▸ **DATA IN THIS EXERCISE**:
:::::

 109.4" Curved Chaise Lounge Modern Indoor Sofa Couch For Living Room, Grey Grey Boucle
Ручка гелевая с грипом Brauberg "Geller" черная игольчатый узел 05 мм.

:::::

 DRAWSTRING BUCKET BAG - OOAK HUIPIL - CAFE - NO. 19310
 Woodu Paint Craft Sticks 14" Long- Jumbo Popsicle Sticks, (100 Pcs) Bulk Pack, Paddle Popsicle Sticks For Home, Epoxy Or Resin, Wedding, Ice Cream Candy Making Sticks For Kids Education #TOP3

:::::

▸ **EXERCISE OBJECTIVE**:
Starting at the line that contains "Grey Grey Boucle" and stopping after the line that contains "Ручка гелевая с", write out every line exactly as it appears above, and no other line.

▸ **ANSWER TO THE PROBLEM**:
 109.4" Curved Chaise Lounge Modern Indoor Sofa Couch For Living Room, Grey Grey Boucle
Ручка гелевая с грипом Brauberg "Geller" черная игольчатый узел 05 мм.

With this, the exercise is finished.